Avukat Cabbar Leygara: Hak ihlallerinin takibi engellenecek

Av. Cabbar Leygara, valilere verilen yetkilerle Bölge kentlerinde yaşanabilecek insan hakları ihlallerinin takibinin engelleneceğini belirtti.

Fotoğraf: Eylem Nazlıer/EVRENSEL

Paylaş

OHAL’in yerine getirilen düzenlemelerle valilere bir kişinin kente girişini yasaklaması yetkisi verilmesini değerlendiren Av. Cabbar Leygara, OHAL valilerinin ’90’lı yıllarda bu yetkiyi hak ihlallerini örtbas etmek için kullandığını hatırlattı. Leygara, bu yetki ile amaçlananın Bölge kentlerinde yaşanabilecek insan hakları ihlallerinin takibinin engellenmek olduğunu vurguladı.

OHAL’in kaldırılmasının ardından AKP’nin Meclis Başkanlığına sunduğu “Bazı Kanun ve Kanun Hükmünde Kararnamelerde Değişiklik Yapılmasına Dair Kanun Teklifi”nin içeriği ile ilgili tartışmalar devam ediyor. Meclis Adalet Komisyonunda kabul edilen tasarıya göre, 5442 Sayılı İl Özel İdaresi Kanunu’nda yapılacak değişiklikle valiler, kamu düzenini veya güvenliğini bozacağı düşünülen kişiler hakkında 15 günü geçmemek üzere ildeki belirli yerlere giriş ve çıkışı sınırlayabilecek, toplantı düzenlenmesine, kişilerin toplanmasından, silah nakline kadar yasaklar getirebilecek.

Valilere verilecek bu yetki, 1987 yılında ilan edilip 2002 yılına kadar toplam 15 yıl boyunca, süresi 46 kez meclis kararıyla uzatılan OHAL döneminde “süper yetkiler” ile donatılan OHAL bölge valilerini akıllara getirdi. O dönem valilere, çalışmalarında sakınca görülen personelin sürgün edilmesi, köy, mezra ve benzeri yerleşim birimlerini boşaltma yetkisi verildi.

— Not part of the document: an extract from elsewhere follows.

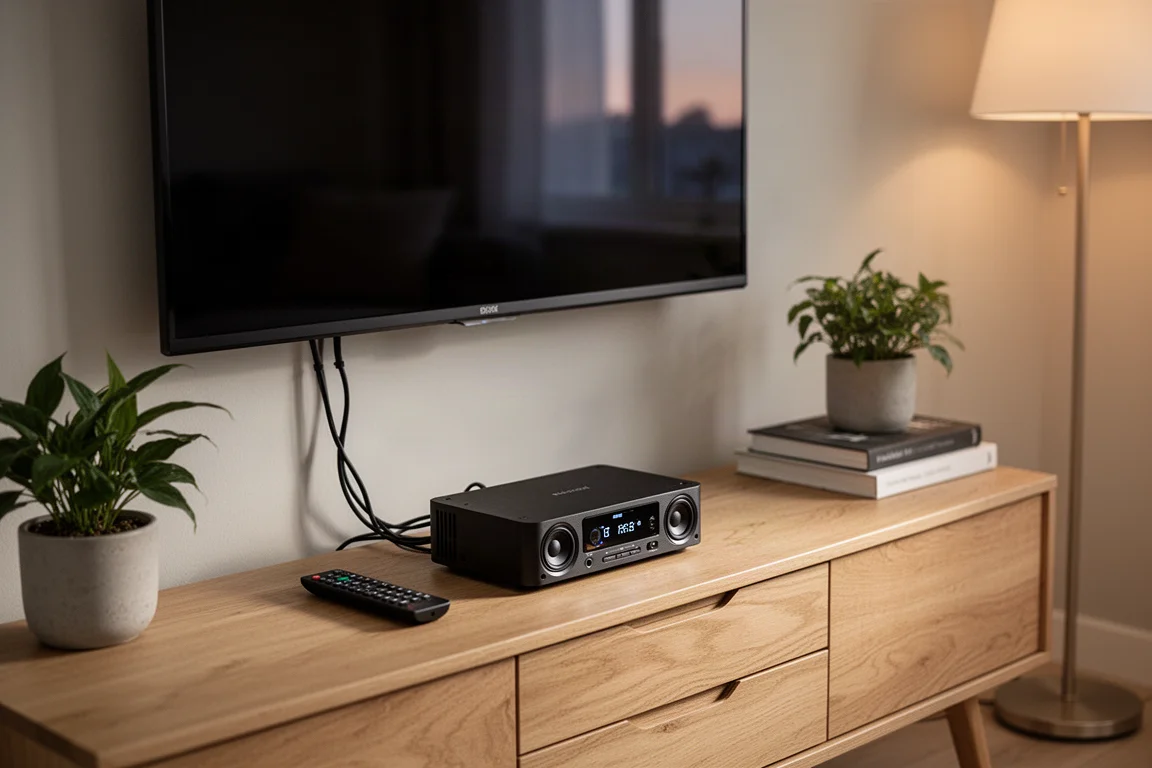Unité audio compacte et télécommande sur un meuble en chêne clair sous un téléviseur dans un petit salon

OHAL’in en katı şekilde uygulandığı 1990’lı yıllarda Diyarbakır’da avukatlık ve belediye başkanlığı gibi birçok görevde bulunan Av. Cabbar Leygara, valilere verilecek yetki ile valilerin ’90’lı yıllarda kendilerine verilen yetkileri nasıl kullandığını Mezopotamya Ajansından Deniz Tekin’e değerlendirdi.

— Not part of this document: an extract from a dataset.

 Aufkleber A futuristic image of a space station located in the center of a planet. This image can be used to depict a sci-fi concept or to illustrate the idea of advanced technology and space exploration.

‘DEMOKRASİ ’90’LI YILLARA DÖNECEK’

Av. Leygara, sıkıyönetimin kaldırılarak OHAL’in ilan edildiği 1987 yılı üzerinden 31 yıl geçmesine rağmen valilere verilmek istenen yetkilerle Türkiye’de demokrasinin ’90’lı yıllara döneceğine dikkat çekti. Valilere bir kişiyi 15 gün süreyle kente girmesini engelleyen düzenleme ile ’90’lı yıllarda OHAL bölge valisine verilen yetkinin aynı olduğunu hatırlatan Leygara, “Valilere verilen bu yetki, OHAL’in kalıcılaştırılmasıdır. Zaten bu düzenleme Anayasa’ya aykırı olduğu için bunlar için 3 yıl süre şartı koymuşlar. Bu yetki istisnai değil, kalıcılaştırılan bir yetkidir. Bu düzenleme ile yürütme yani başkanlık sistemi güçlendiriliyor. Yasama, yargı ile sivil toplum ve kanaat önderleri devre dışı bırakılıyor” dedi.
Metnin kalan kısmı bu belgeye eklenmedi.